Well, my friends, we have made it to the last announcement of the 2013 Frannies. We have seen different groups of students award different books with their homeroom book awards. We have seen three different genre awards given out, highlighting what was the best in each given category. All in all, we have awarded and honored 12 different books in the past 7 days. And we still have our biggest award to give.

[Brian’s note: this post is a bit longer than most, but every word, image, and video (did I say video?), is worth it. So be sure to push through. Wyzlic out.]

For the Wyzbery, all books were considered. The students nominated titles of books from all different genres and types. Picture books, graphic novels, chapter books, YA novels, adult novels. Realistic fiction, fantasy, humor, science fiction, dystopian, mystery, non-fiction, biography. There were books nominated for each of these descriptors. 21 books in total received multiple nominations and made it to the final ballot. And then it was time to vote.

When it came time to vote, the students were instructed to select the one book they believed was the best book published in 2012. Not most popular. Not favorite. But also not most distinguished nor most excellent, nor most well-written. Best. Here are the results.

80 votes were cast for 20 different books (including one write-in because this student was adamant that her choice was the best book of 2012, even if nobody else agreed enough to put it on the ballot, bringing our total of nominated books up to 22). Five books received above the average of four votes. Of these, three books were heads above the others. These are the books that will receive Wyzbery Honors or the coveted Wyzbery Award.

Now, before the reveal, a bit of potential controversy. Because, come on, what’s an awards ceremony without some controversy, right?

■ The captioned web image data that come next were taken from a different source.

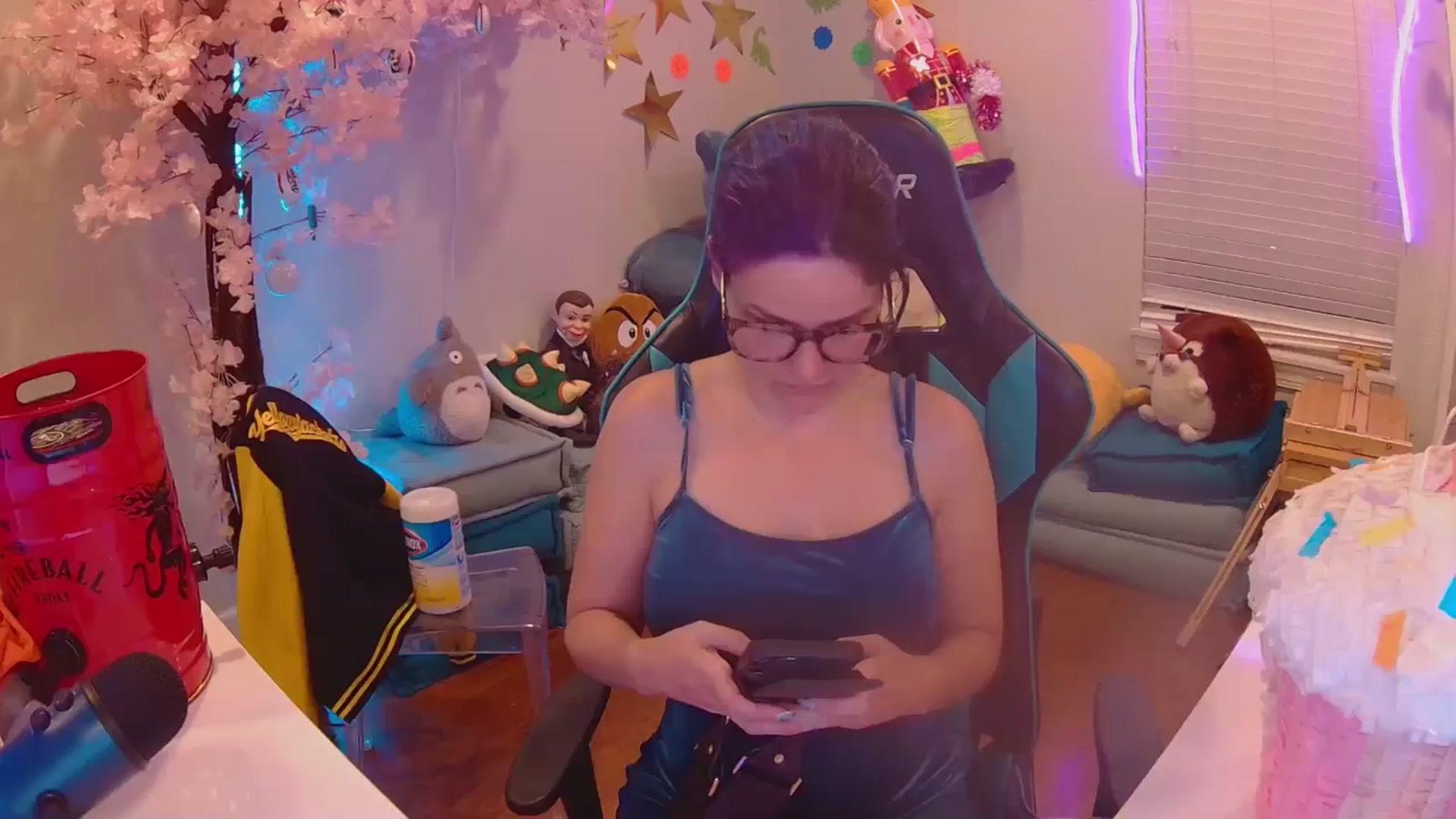 Gallery image thumbnail from DahliaIsDopey's myfreecams stream on, 08/01/2025, 02:15 image 8 of 20
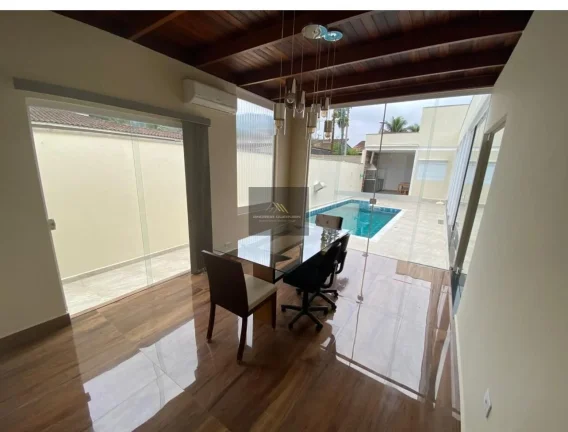 Imagem Casa em Condomínio para Venda em Ubatuba / SP no bairro Horto Florestal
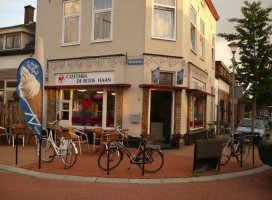 Cafetaria De Rode Haan outside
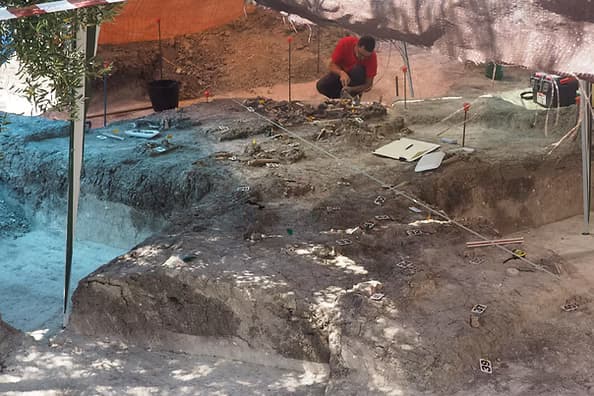 Hallan los restos de seis fusilados en una fosa de Castro del Río.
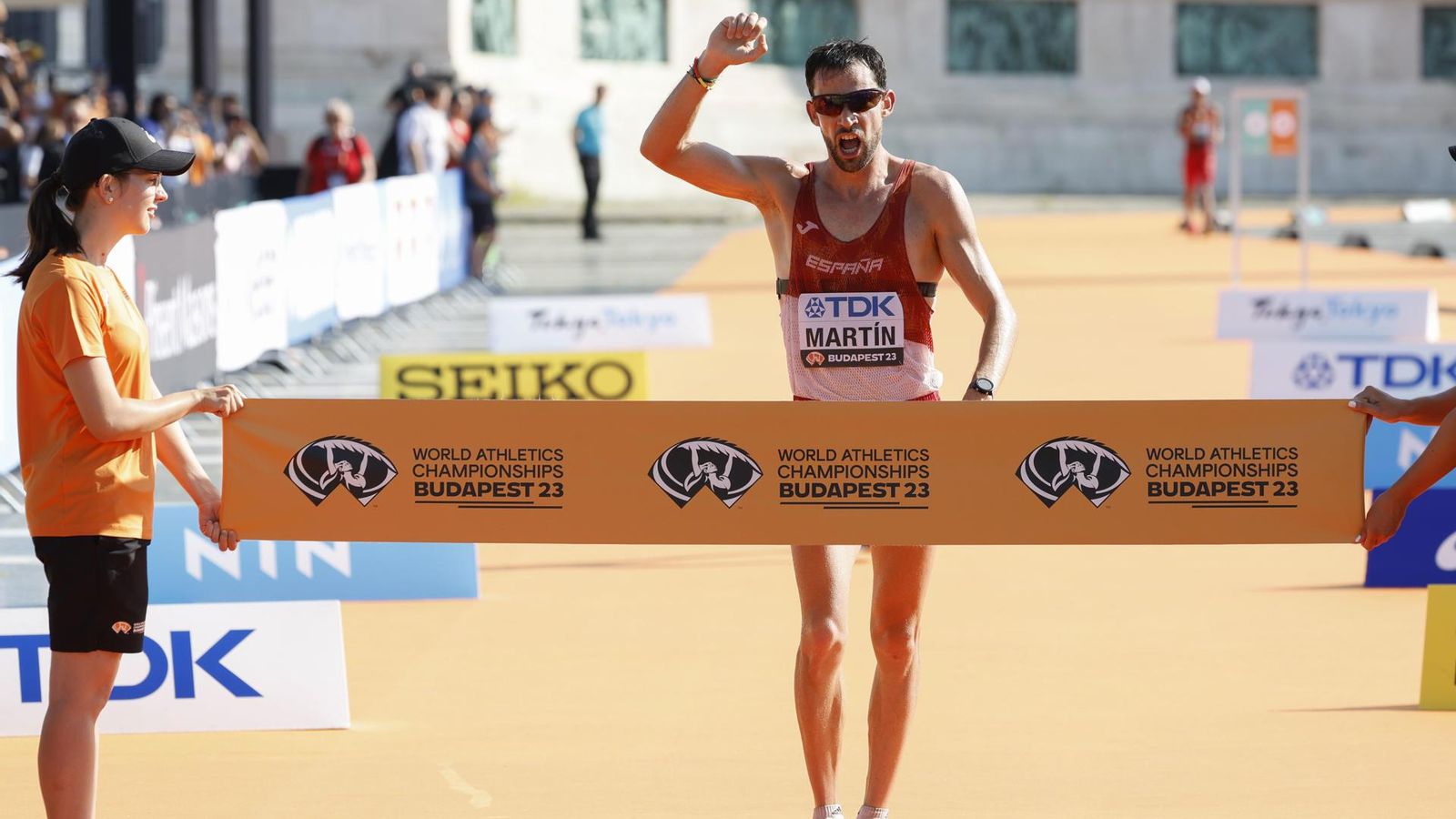Álvaro Martín levanta el puño como triunfador en los 35 kilómetros marcha.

Of the 3 that will receive shiny stickers (maybe — we’re working on those back at headquarters), 2 of them were read aloud to all the students. So I wonder how much influence my choices had on their voting. I am gladdened, though, that there is one book that made it through despite not being pushed by me, but rather, by the students. One of our top five is even a book that I do not keep in our classroom library.

So despite my potential influence as the lead learner and lead book pusher in the room, it is clear to me that the students can also follow their own conscience with their book choices. They are passing books they love to each other, and they are finding and sharing similar tastes with each other. The students are becoming book pushers as well, and in some classes in particular, they have eclipsed my influence. They may see that as some sort of subverting the system. I see it as victory.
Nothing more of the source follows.